Kybernetika 45 no. 5, 755-767, 2009

A Stopping Rule for Discounted Markov Decision Processes with Finite Action Sets

Raúl Montes-de-Oca, Daniel Cruz-Suárez and Enrique Lemus-Rodríguez

Abstract:

In a Discounted Markov Decision Process (DMDP) with finite action sets the Value Iteration Algorithm, under suitable conditions, leads to an optimal policy in a finite number of steps. Determining an upper bound on the necessary number of steps till gaining convergence is an issue of great theoretical and practical interest as it would provide a computationally feasible stopping rule for value iteration as an algorithm for finding an optimal policy. In this paper we find such a bound depending only on structural properties of the Markov Decision Process, under mild standard conditions and an additional "individuality" condition, which is of interest in its own.

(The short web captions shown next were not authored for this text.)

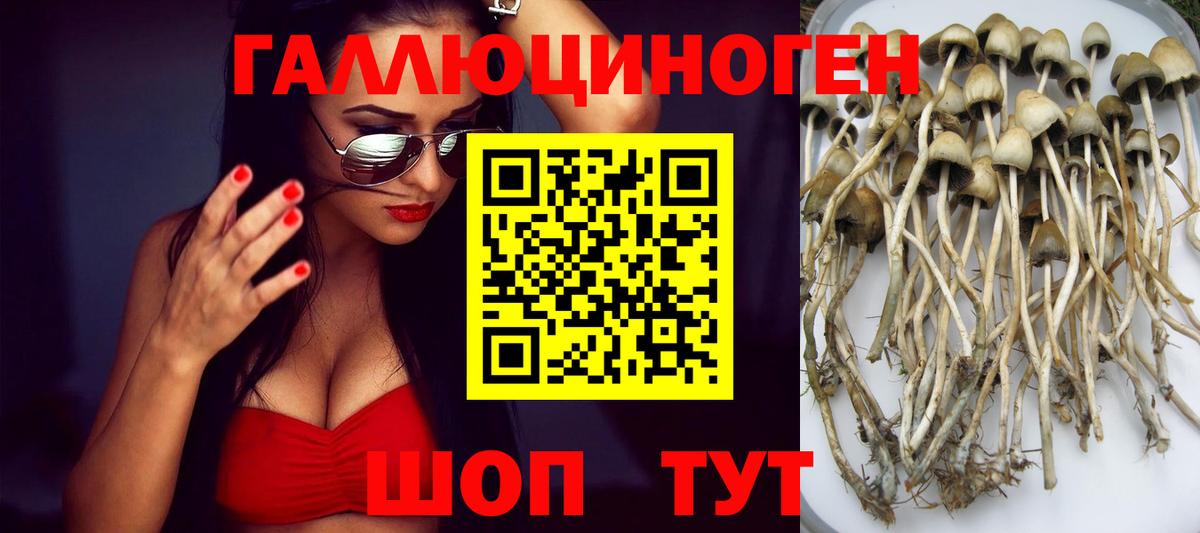Галлюциногенные грибы мухоморы Тольятти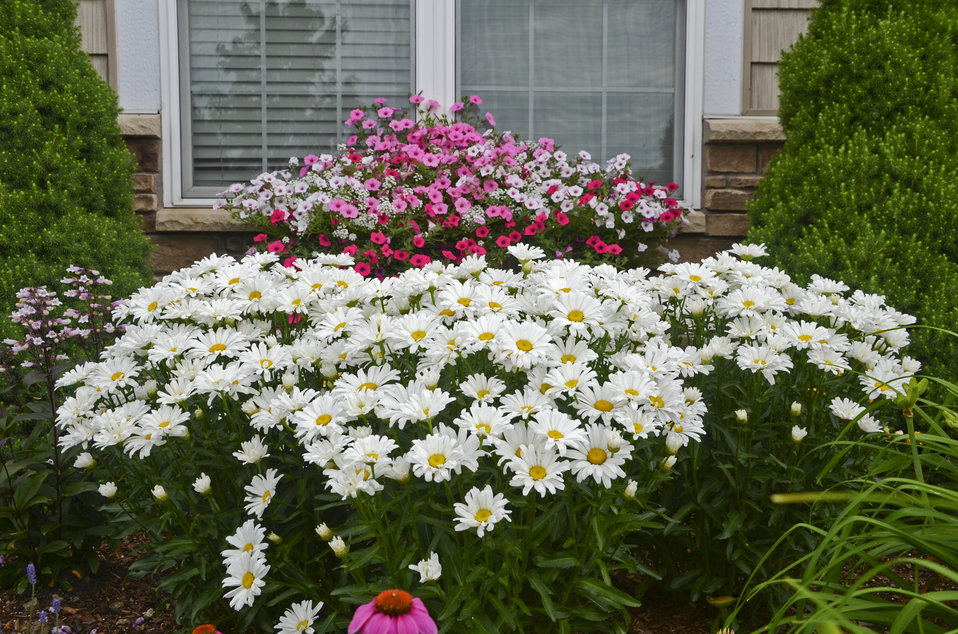 Amazing Daisies® Daisy May® Shasta Daisy Leucanthemum superbum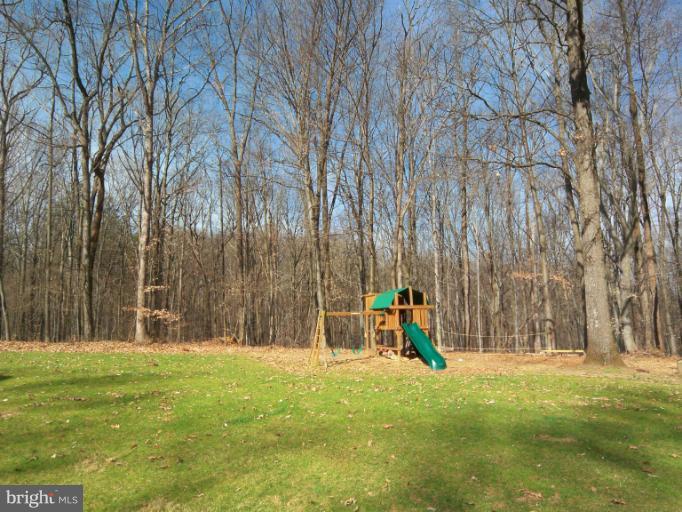 1226 Blue Mt Road Monkton, MD 21111 - Photo 19 of 30 a ground with lots of trees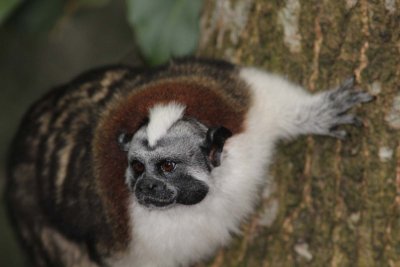 We loved the tamarin's faces!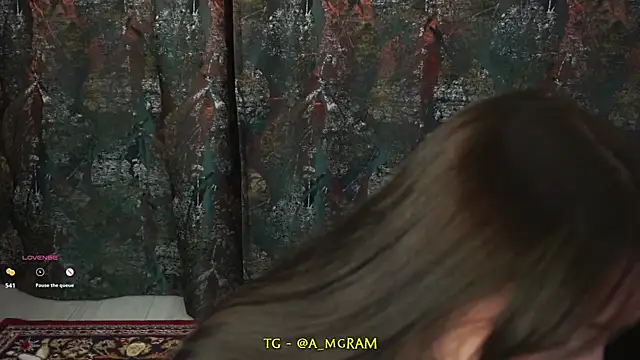 disco_elysium's cam snapshot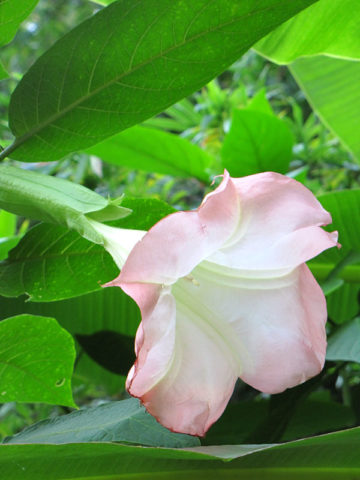 Alternative view of Jean Pasco Angel Trumpet Plant (brugmansia)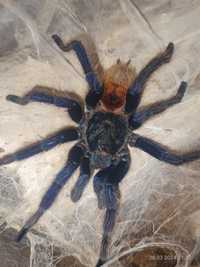 Chromatopelma cyaneopubescens samiec dorosły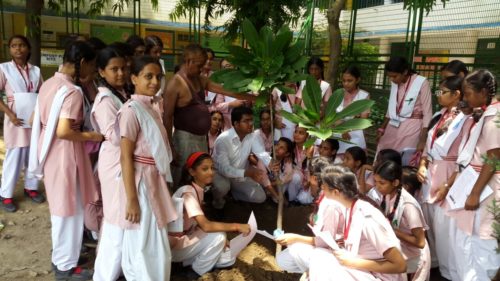 An Orientation/Awareness Programme on Environment Protection, Preservation, Conservation and Maintenance was conducted at N.P Bengali Girls Sr. Sec. School, Gole Market on 28.07.17 by Sh. Satya Ranjan Swain, LAC.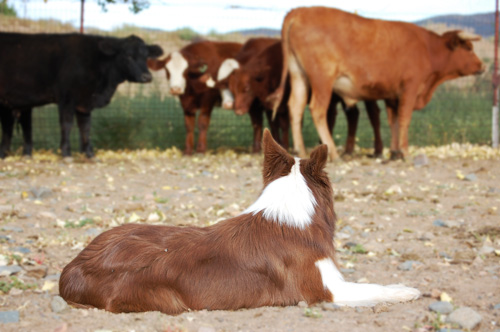 emma cows laying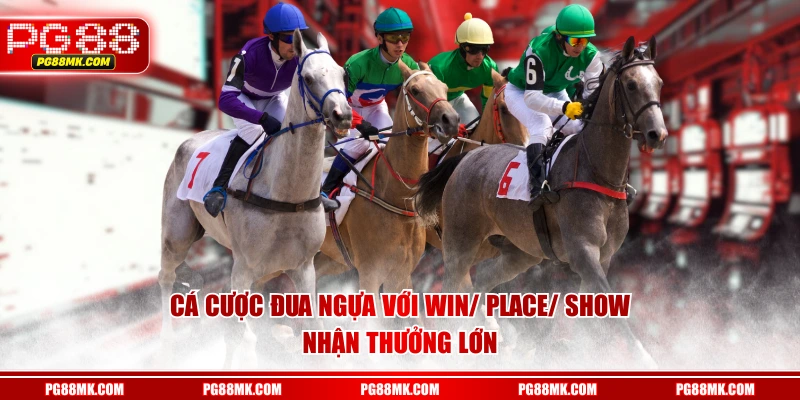 Cá cược đua ngựa với Win/ Place/ Show nhận thưởng lớn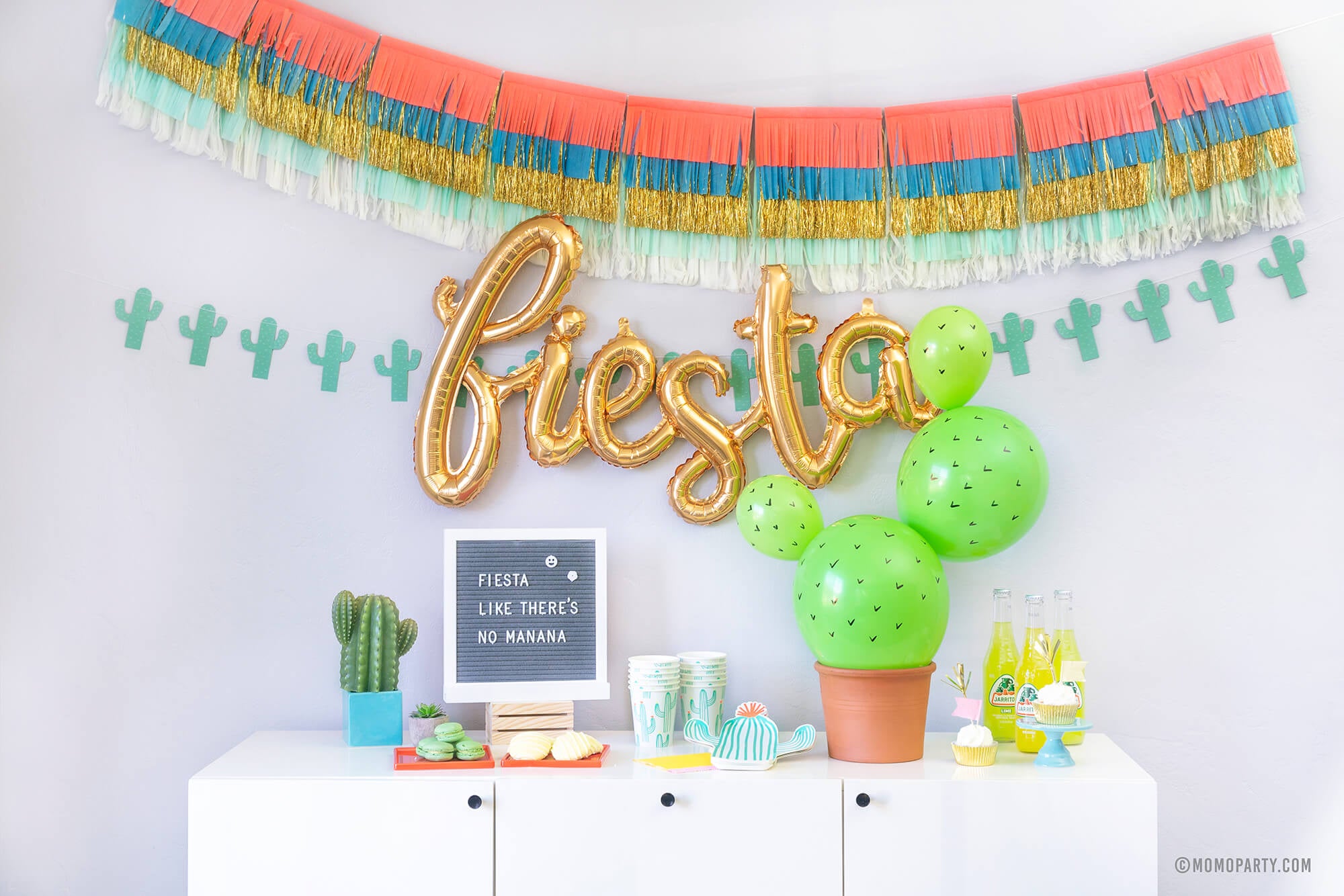 Cactus Balloon Decoration DIY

It should be mentioned that other authors find such kind of constants using non-structural information, i.e., information not immediately apparent from the Decision Process itself. The DMDP is required to fulfill an ergodicity condition and the corresponding ergodicity index plays a critical role in the upper bound.

Keywords:

discounted cost, Markov decision process, ergodicity condition, value iteration, optimal policy, myopic policies

Classification:

90C40, 93E20